TASK TO COMPLETE —
Reproduce the listing below as it stands. Leave out each image.

TASK MATERIAL —
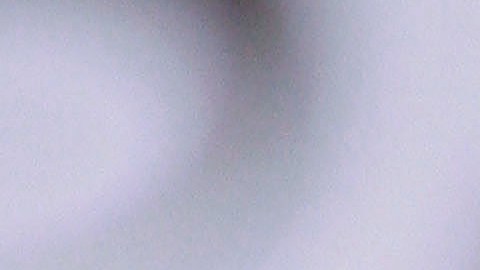 SANYA, HAINAN ISLAND - DECEMBER 06: Contestant of the 55th Miss World 2005, Dafne Molina Lona of Mexico performs during the Beachwear Final at the Sheraton Sanya Resort on December 6, 2005 in Sanya, Hainan Island of China. Miss Russia Yulia Ivanova won the event. The final of Miss World 2005 will be held in Sanya on December 10. (Photo by China Photos/Getty Images)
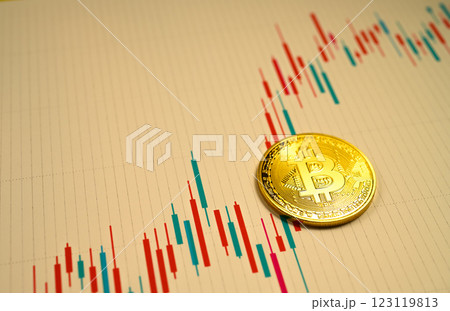 ビットコインとチャート 123119813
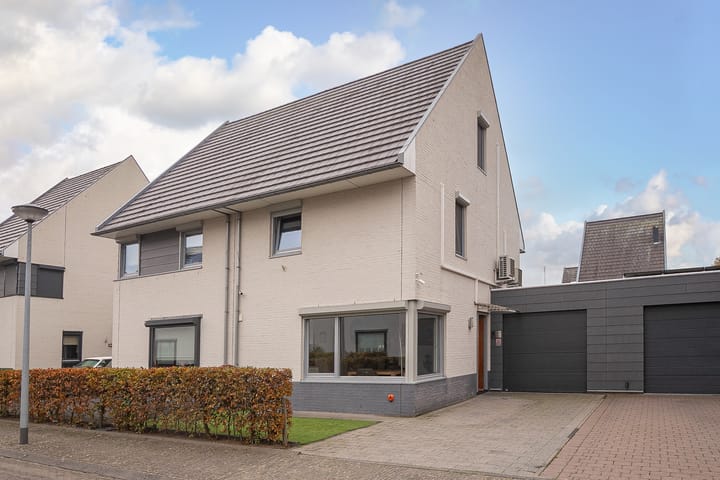 Krulbolruwe 4 main image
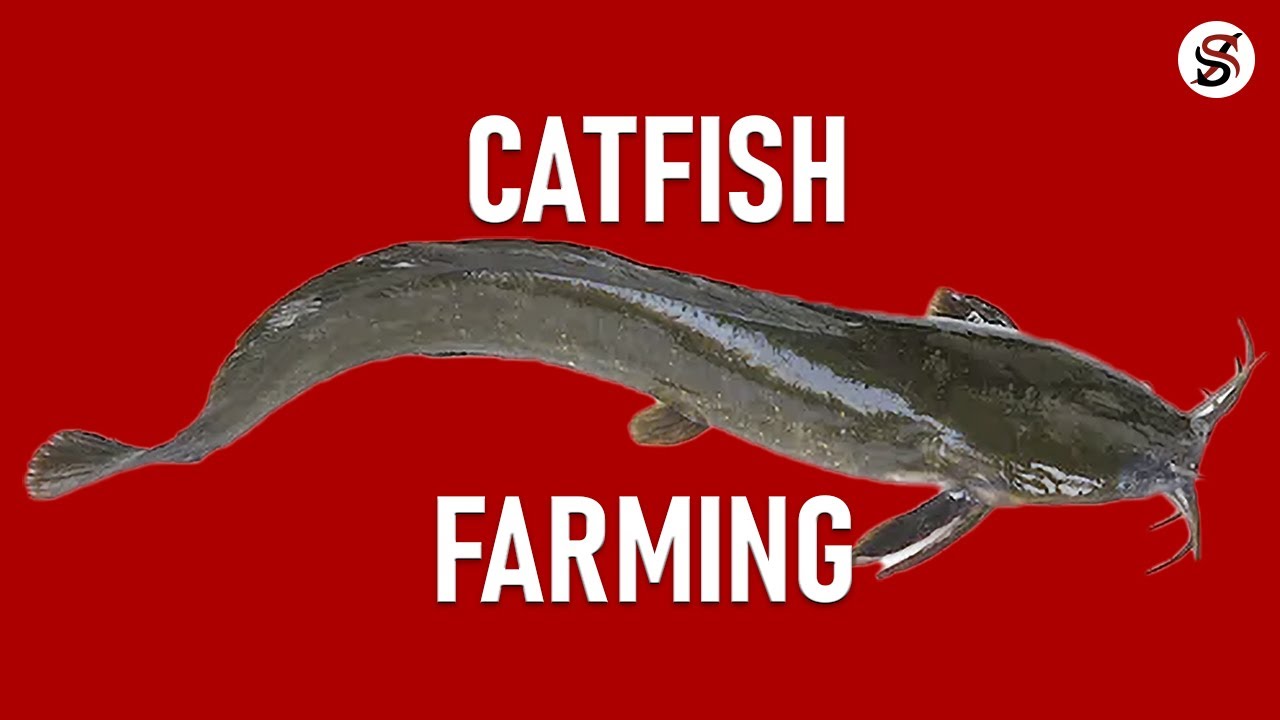 Catfish Farming in Nigeria (+ Free Practical Training on Our Farm).
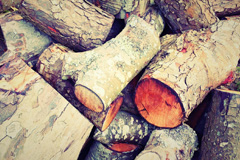 Maney wood burning boiler costs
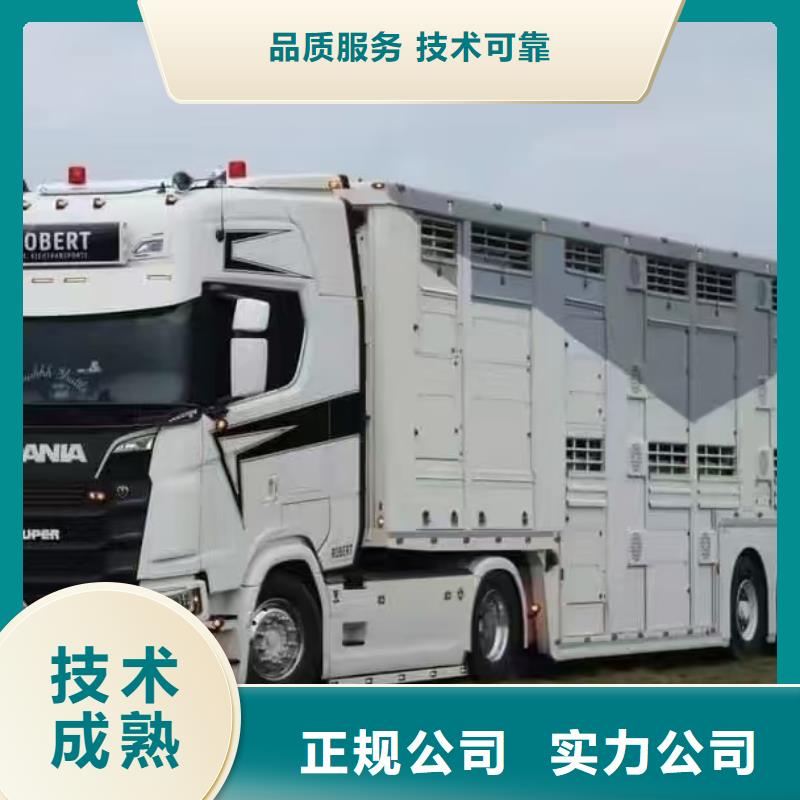 宿迁沭阳到无锡猪只贸易品质卓越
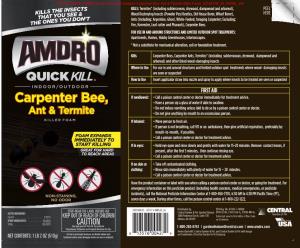AMDRO 100530435 Quick Kill Carpenter Bee, Ant & Termite Foam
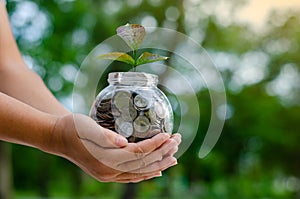 Coin tree Glass Jar Plant growing from coins outside the glass jar money saving and investment financial concept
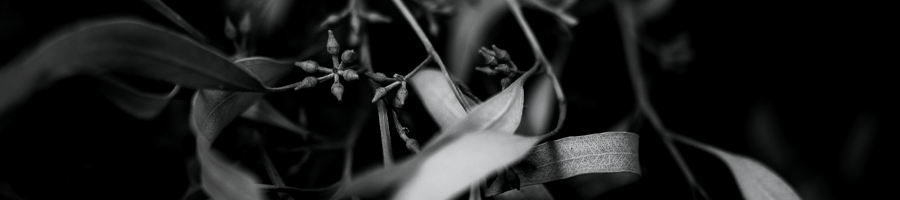 new-year-wishes-2026-Ultimae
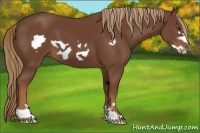 Horse Color:Chestnut Frame 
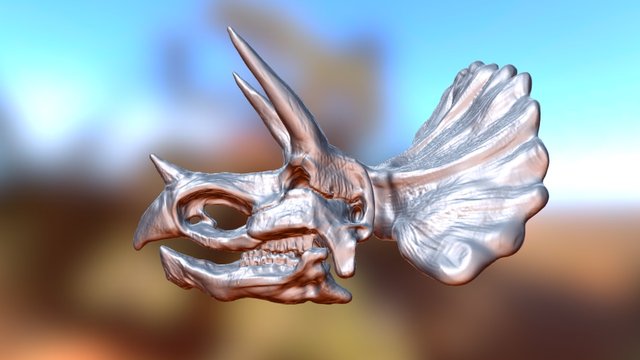Triceratops Skull 3D Model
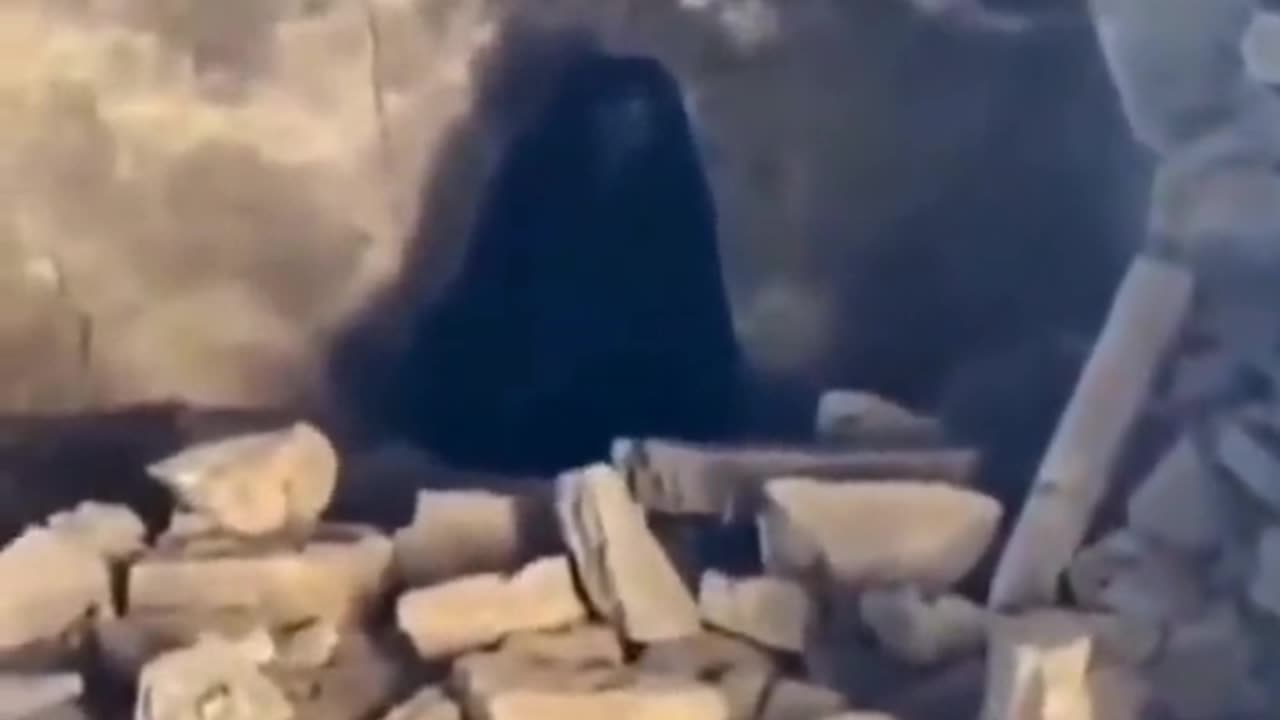 👹⚠️ What Is That Thing? Unbelievable Creature Caught on Camera! Unknown Entity | TheHauntingHour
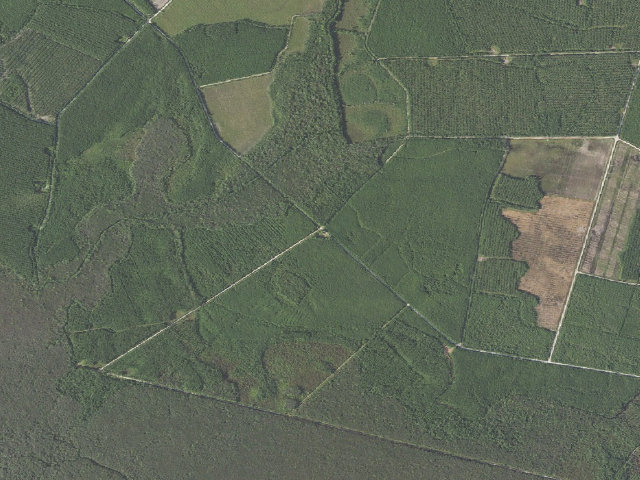 Aerial image of Juniper Creek Game Land camping area #1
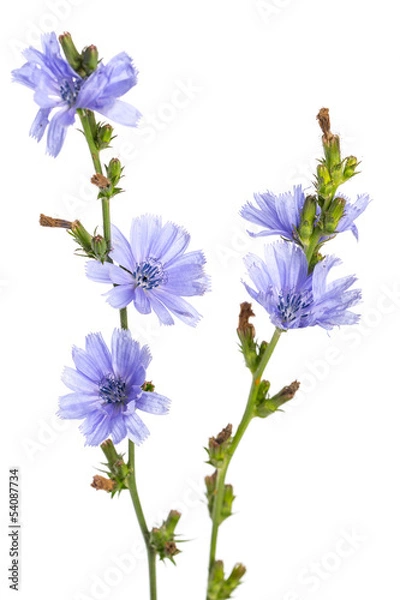 Obraz Gewöhnliche Wegwarte (Cichorium intybus) - vor weißem Hintergr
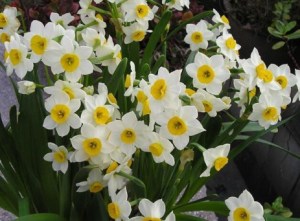 水仙花,水仙花图片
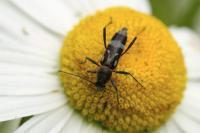 Chlorophorus figuratus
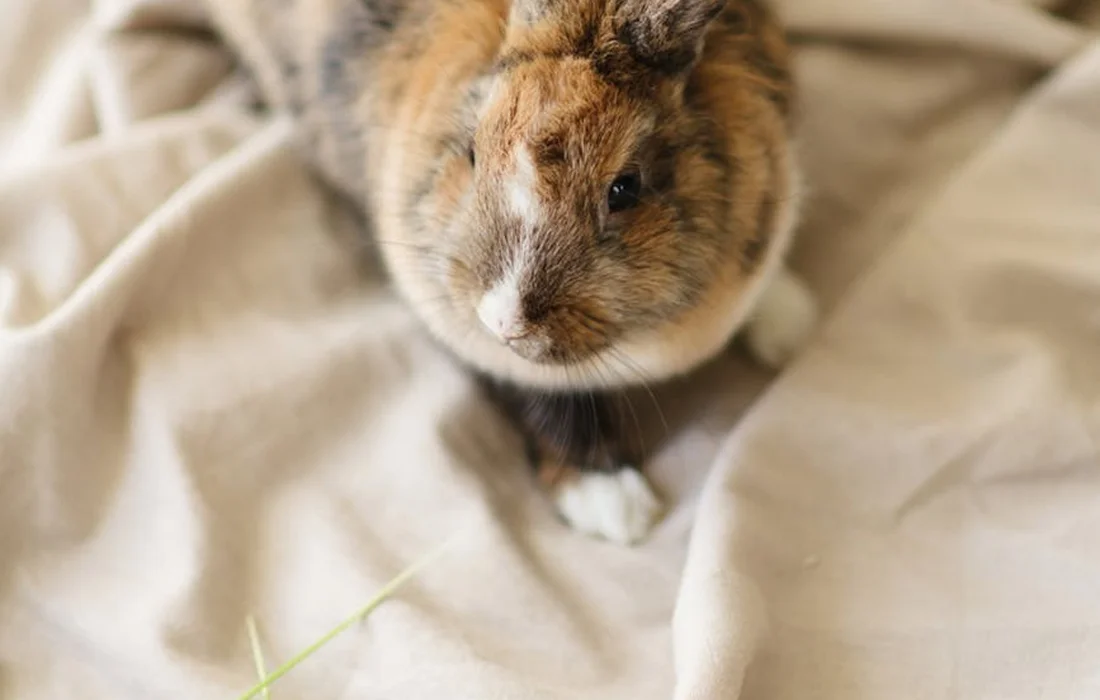 Close-up of a small domestic rabbit sitting on a beige blanket with a blade of grass in the foreground.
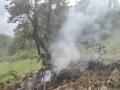 Uttarakhand Helicopter Crash: 3 of Family From Maharashtra Among 7 Killed in Kedarnath Chopper Accident - Hindi News | Uttarakhand Helicopter Crash: 3 of Family From Maharashtra Among 7 Killed in Kedarnath Chopper Accident | Latest national News at Lokmattimes.com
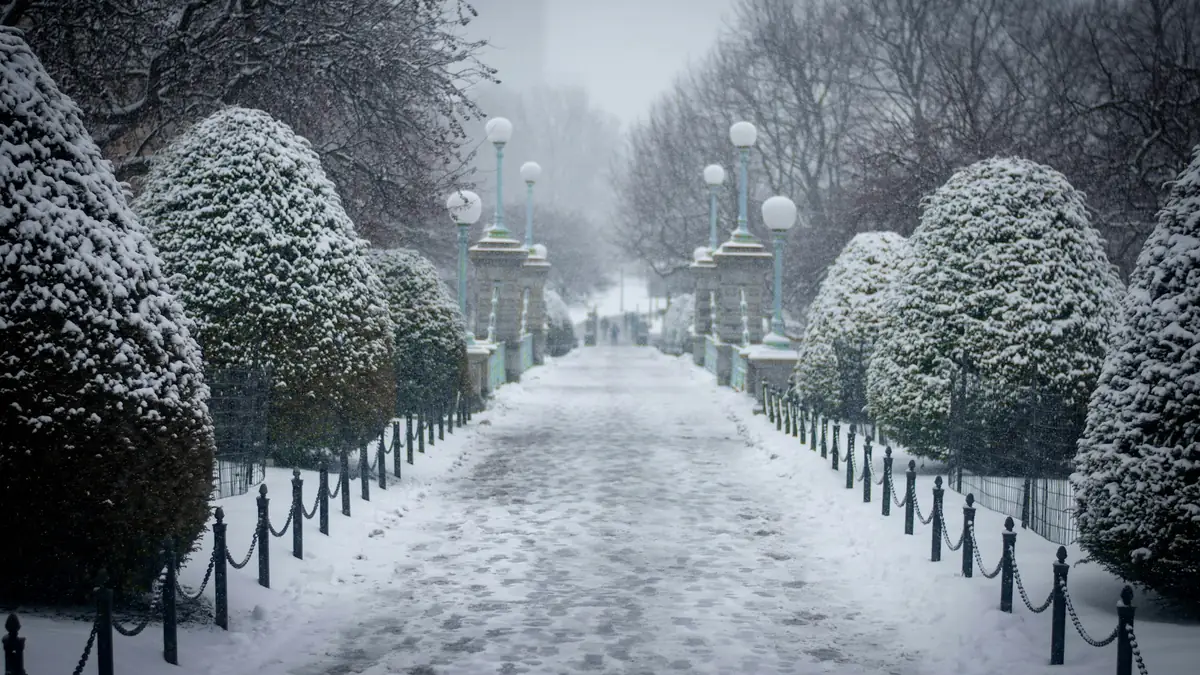 Paseo con setos recortados bajo la nieve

SOLUTION FOR THIS EXERCISE —
 SANYA, HAINAN ISLAND - DECEMBER 06: Contestant of the 55th Miss World 2005, Dafne Molina Lona of Mexico performs during the Beachwear Final at the Sheraton Sanya Resort on December 6, 2005 in Sanya, Hainan Island of China. Miss Russia Yulia Ivanova won the event. The final of Miss World 2005 will be held in Sanya on December 10. (Photo by China Photos/Getty Images)
 ビットコインとチャート 123119813
 Krulbolruwe 4 main image
 Catfish Farming in Nigeria (+ Free Practical Training on Our Farm).
 Maney wood burning boiler costs
 宿迁沭阳到无锡猪只贸易品质卓越
AMDRO 100530435 Quick Kill Carpenter Bee, Ant & Termite Foam
 Coin tree Glass Jar Plant growing from coins outside the glass jar money saving and investment financial concept
 new-year-wishes-2026-Ultimae
 Horse Color:Chestnut Frame 
Triceratops Skull 3D Model
 👹⚠️ What Is That Thing? Unbelievable Creature Caught on Camera! Unknown Entity | TheHauntingHour
 Aerial image of Juniper Creek Game Land camping area #1
 Obraz Gewöhnliche Wegwarte (Cichorium intybus) - vor weißem Hintergr
 水仙花,水仙花图片
 Chlorophorus figuratus
 Close-up of a small domestic rabbit sitting on a beige blanket with a blade of grass in the foreground.
 Uttarakhand Helicopter Crash: 3 of Family From Maharashtra Among 7 Killed in Kedarnath Chopper Accident - Hindi News | Uttarakhand Helicopter Crash: 3 of Family From Maharashtra Among 7 Killed in Kedarnath Chopper Accident | Latest national News at Lokmattimes.com
 Paseo con setos recortados bajo la nieve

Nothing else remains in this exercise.